Suppose we have $n$ sets of $r$ parallel hyperplanes in $\mathbb{R}^d$ in generic position. There are $r^k\binom nk$ ways to choose $k$ of them that intersect in a flat $x$. The interval from $\hat{0}$ to $x$ in the intersection poset is a boolean algebra, so the Mobius function is given by $\mu(\hat{0},x)=\pm 1$. Thus by Zaslavsky's theorem, the number of regions is $\sum_{k=0}^d r^k\binom nk$.

Use Radon's theorem to show that homogeneous hyperplanes $w$ can shatter (i.e., assign all possible sign sequences via $x\mapsto\text{sign}(<w,x>)$ at most $d$ points. This is an upper bound on the VC-dimension on hyperplanes (which turns out to be tight). Then use the Sauer-Shelah lemma to bound the number of behaviors that the hyperplanes can attain on $n$ points

That accounts for the formula $\sum_{i=1}^d {n\choose i}$.

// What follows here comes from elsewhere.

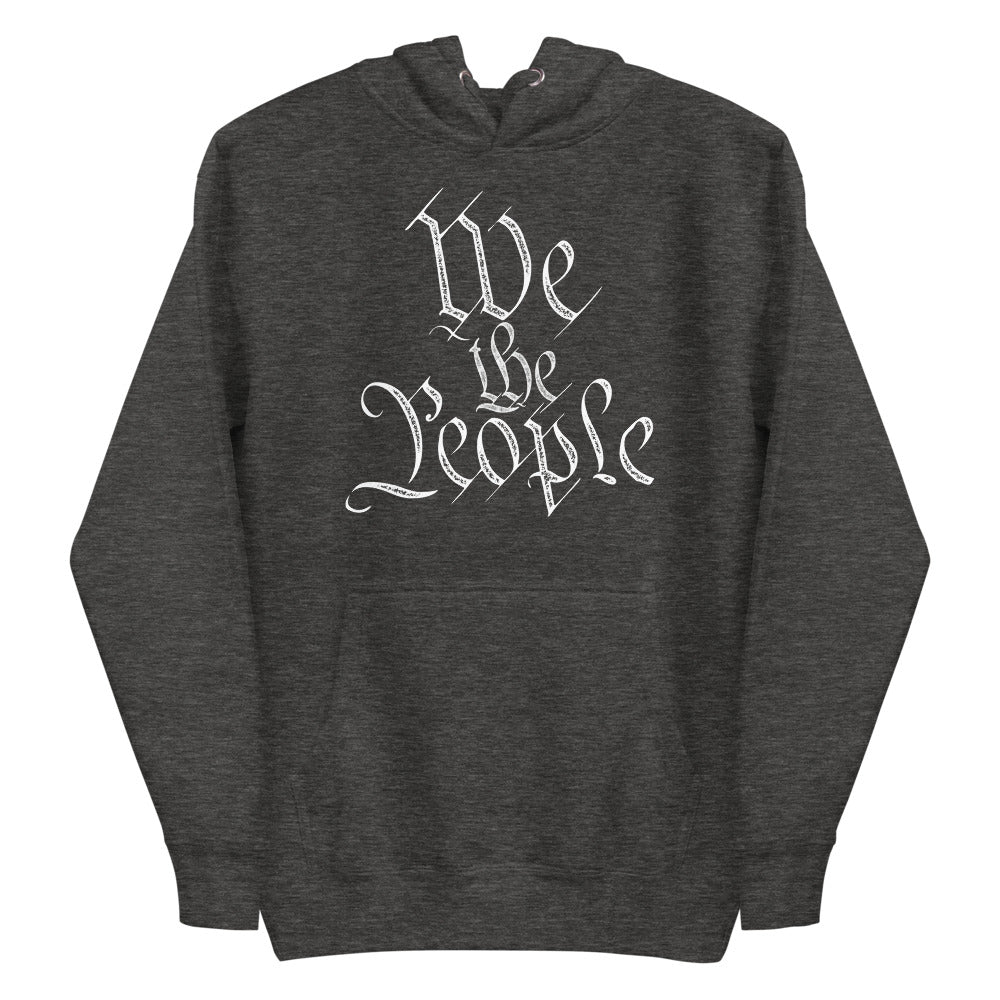 We the People Liberty Or Death Unisex Hoodie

As for pairs of hyperplanes, I'll use a very crude bound for VC-dimension of intersections of pairs of sets from a VC-class of dimension $d$, see Theorem 3.6 in Kearns-Vazirani or this paper by Baum and Haussler, to get that the VC-dimension of the collection of pairs of hyperplanes in $d$ dimensions is at most $20d$. You can then apply Sauer-Shelah to this new value of VC-dimension.